Um I need some help, here’s a little background info. so hopefully you can give me some advice. I went to a private school until i was 13 and in 8th grade. i was one of the most popular girl in the school, had loads of friends, and was very happy. But then my parents got divorced and i had to move to a new school in a new, snotty, beach town in orange county (think laguna beach but worse). it has been 3 years since i moved. i only made one close friend but she ditched me. i feel like i have grown to become more mature than my peers and i am not interested in their dumb drama- who hooked up with who, etc. i really couldn’t care less. i don’t know how i’m going to handle this last year of highschool can anyone give me any tips? and my school is very cliquey. the people are so snobbish. i don’t know what to do. i get along so much better with adults. i feel like im a 30 year old trapped in a 16 year old right now it’s so frustrating what do i do?
21 Responses
Linear Lisa
26 Jan 2010
da balla 22
26 Jan 2010
just try to finish it out and make friends in other towns. i’ll be ur friend if you need one
Brunette Barbie
26 Jan 2010
I was the same way, my boyfriend was 5 years older than me while I was in HS, try meetup.com maybe theres get 2gethers. If youre old enough 2 get in any clubs thatd be a good way.
the_only_soloros
26 Jan 2010
what do you go to school for? education, right? focus on your education, not on your social standing.
Knipples
26 Jan 2010
Keep your head up high and remember you are the one who is going to turn out to be a stronger, wiser person. I can understand how difficult it is.. But the best thing you can do is ignore your classmates and go about your business.
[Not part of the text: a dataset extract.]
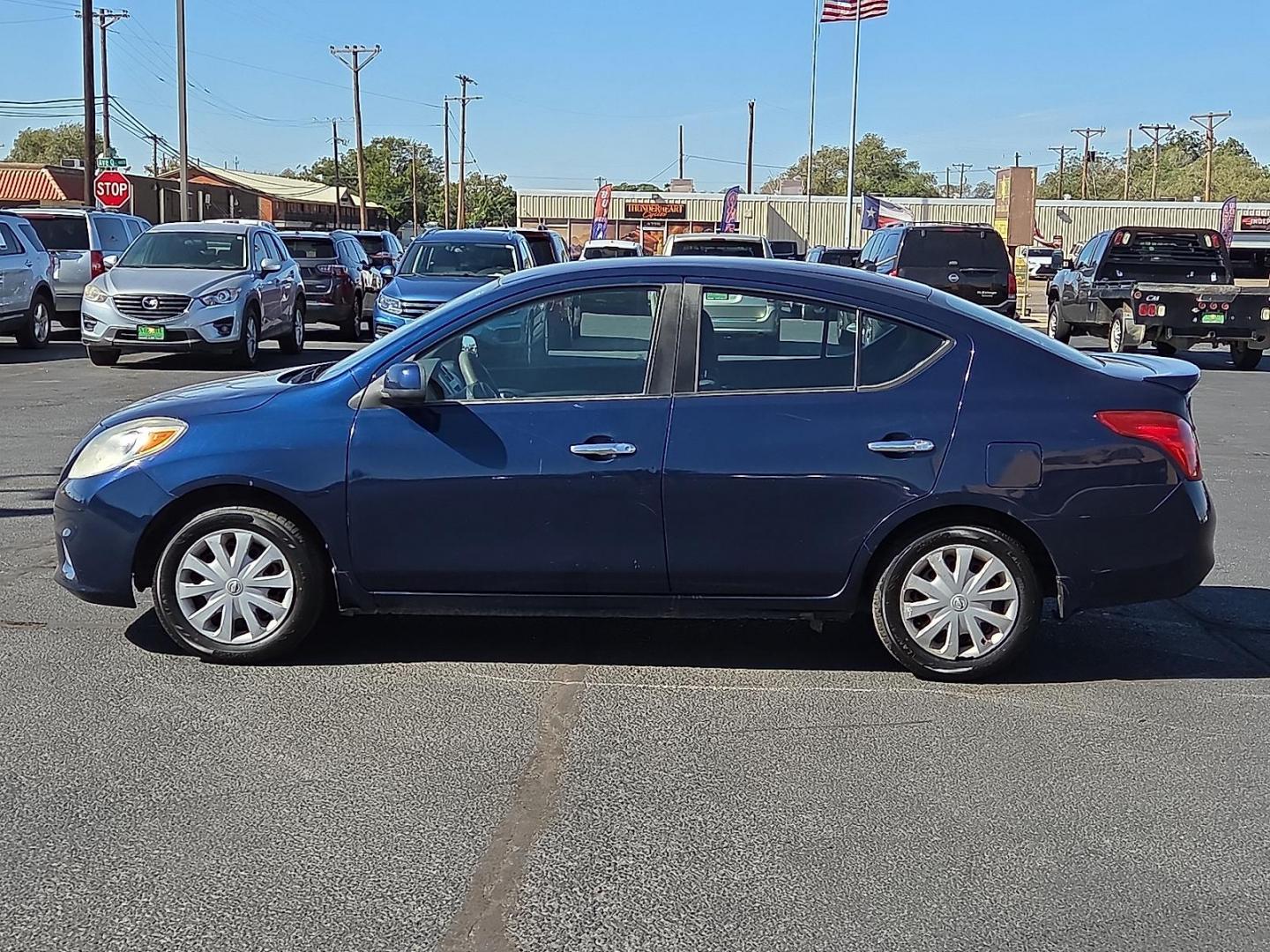 2014 Blue Onyx - B23 /Charcoal - G Nissan Versa 1.6 SV (3N1CN7AP0EL) with an 1.6L I-4 DOHC, variable valve control, regular unleaded, engine with 109HP engine, located at 4711 Ave Q, Lubbock, TX, 79412, (806) 687-2362, 33.551304, -101.855293 - Photo#1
You’ll be out of there before you know it and you’ll make great friends in college.
*Lei*
26 Jan 2010
aww im terribly sorry. i kinda feel that way too. im only 18 and all my friends are at least 21 cuz for some reason all the other 18 year olds that live around me are waay to dramatic and i dont want to deal with it. i guess the only thing you could do it try to make friends or just live out the last year then college! hopefully you’ll meet more interesting people. goodluck! =]
cococremejuju
26 Jan 2010
I don’t know, the only thing I can say is to focus on the last year of school, so you can go to college. College is where you will meet all your friends, and possibly a few guys you may go out with. I had friends in college, and I wasn’t popular in high school at all. I was the most hated because girls were so jealous of me. So don’t worry about all that not having any friends crap, you are moving into adulthood, and pretty soon, you will have a husband and kids, and they will be all that you will be concerned with.
eva
26 Jan 2010
How bout making friends with the boys. Boys are usually more friendly as long as they know their place.(just friends)
Iknowstuff…
26 Jan 2010
Sounds like my Senior year. Just go to school get your work done and try not to take is too seriously. Immature Highschoolers are cruel and will torture you if they know that it gets to you. To pass the time, why not get an after school job. You may make friends there, or you could go to community college for some of your high school classes. While you are still in high school college is free. Take advantage of it. At least you would be around older people as well as other high school students.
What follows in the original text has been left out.